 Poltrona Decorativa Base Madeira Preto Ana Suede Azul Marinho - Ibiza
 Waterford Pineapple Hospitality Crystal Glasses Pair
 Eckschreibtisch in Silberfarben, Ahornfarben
...
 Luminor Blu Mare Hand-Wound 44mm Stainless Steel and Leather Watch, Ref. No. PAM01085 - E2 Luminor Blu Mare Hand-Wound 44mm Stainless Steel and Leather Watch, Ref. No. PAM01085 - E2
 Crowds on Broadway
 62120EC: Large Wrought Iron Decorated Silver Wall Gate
==
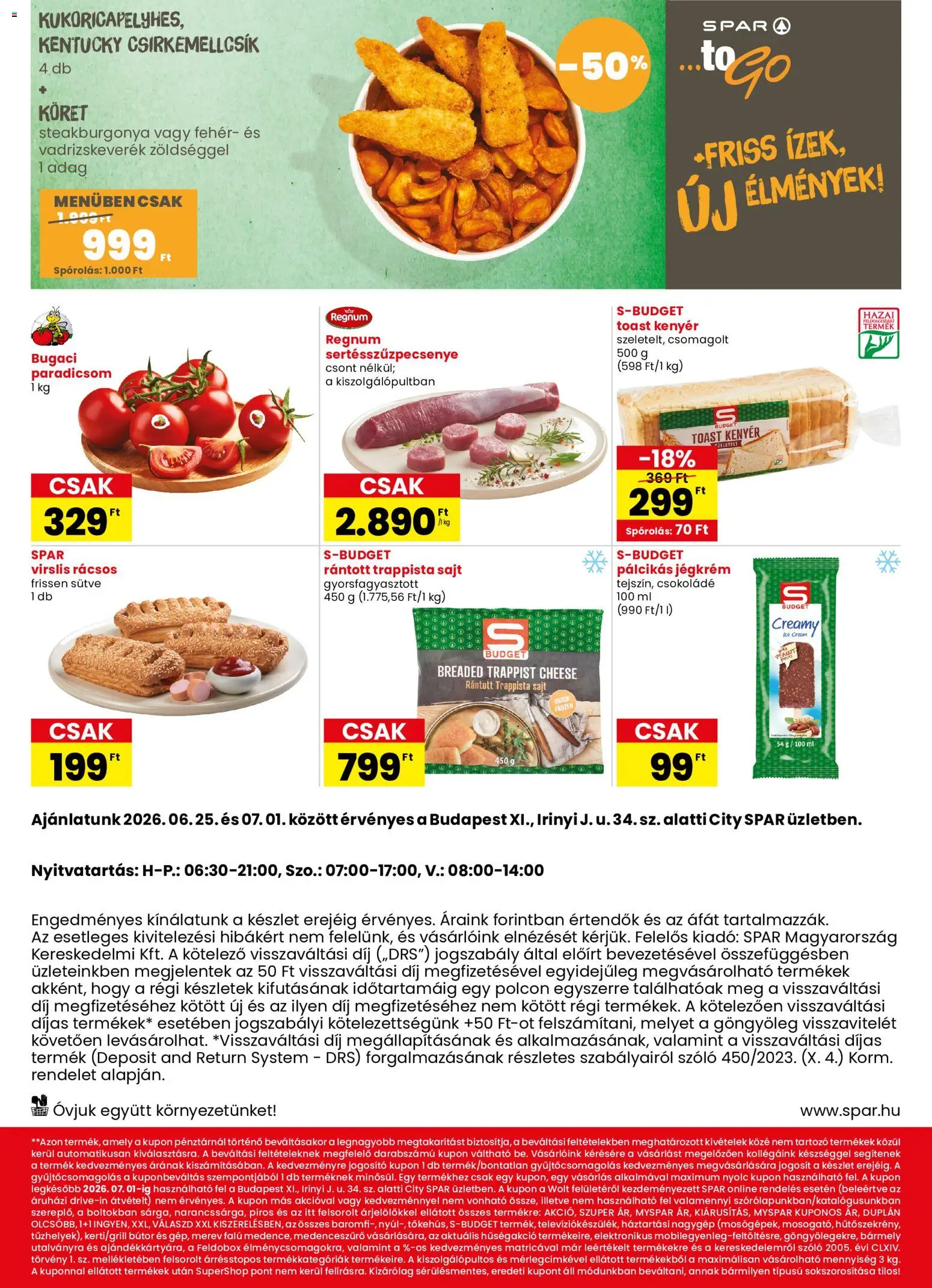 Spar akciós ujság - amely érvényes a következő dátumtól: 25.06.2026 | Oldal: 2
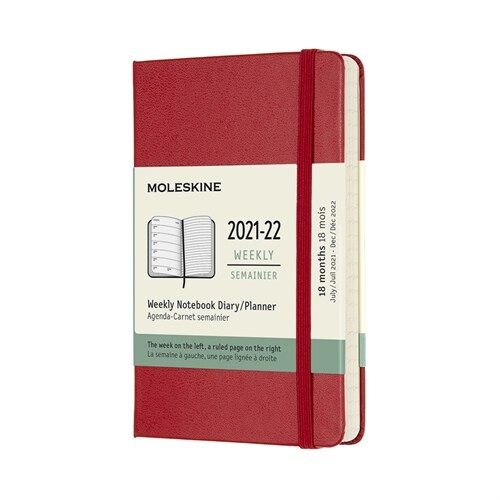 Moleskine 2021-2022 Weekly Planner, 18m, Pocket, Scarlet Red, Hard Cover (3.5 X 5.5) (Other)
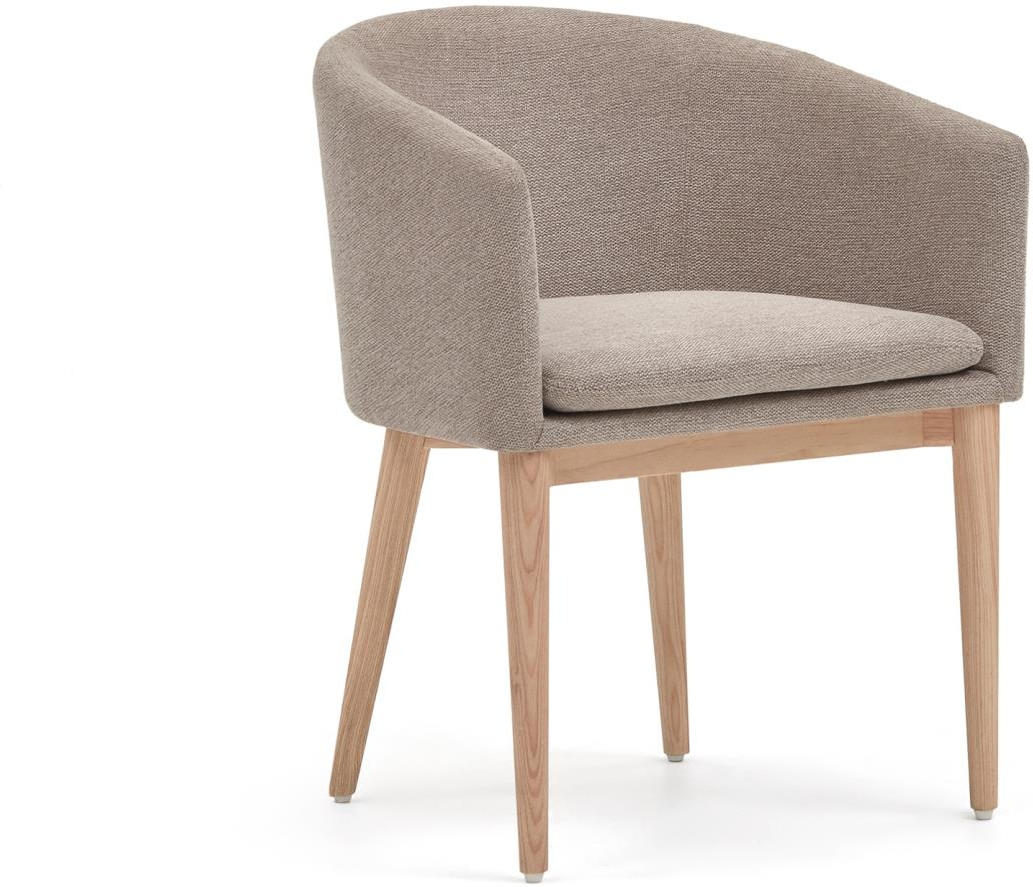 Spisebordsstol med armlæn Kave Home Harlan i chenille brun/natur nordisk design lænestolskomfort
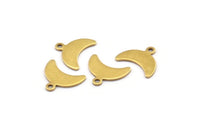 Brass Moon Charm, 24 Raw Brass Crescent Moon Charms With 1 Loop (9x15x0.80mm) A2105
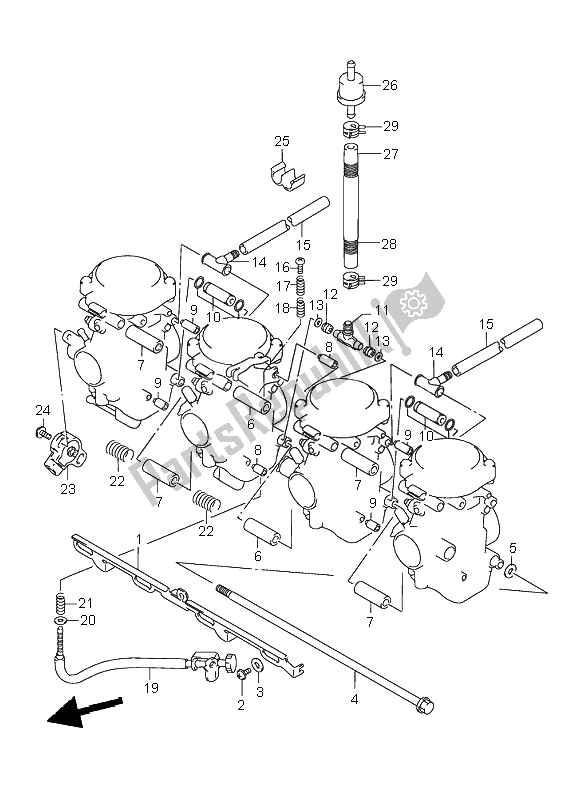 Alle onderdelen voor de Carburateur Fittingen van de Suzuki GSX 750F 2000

Exercise requirements:
The required output is the stretch of entries above from the line containing "Poltrona Decorativa Base" through the line containing "Eckschreibtisch in Silberfarben, Ahornfarben", reproduced exactly.

Task result:
 Poltrona Decorativa Base Madeira Preto Ana Suede Azul Marinho - Ibiza
 Waterford Pineapple Hospitality Crystal Glasses Pair
 Eckschreibtisch in Silberfarben, Ahornfarben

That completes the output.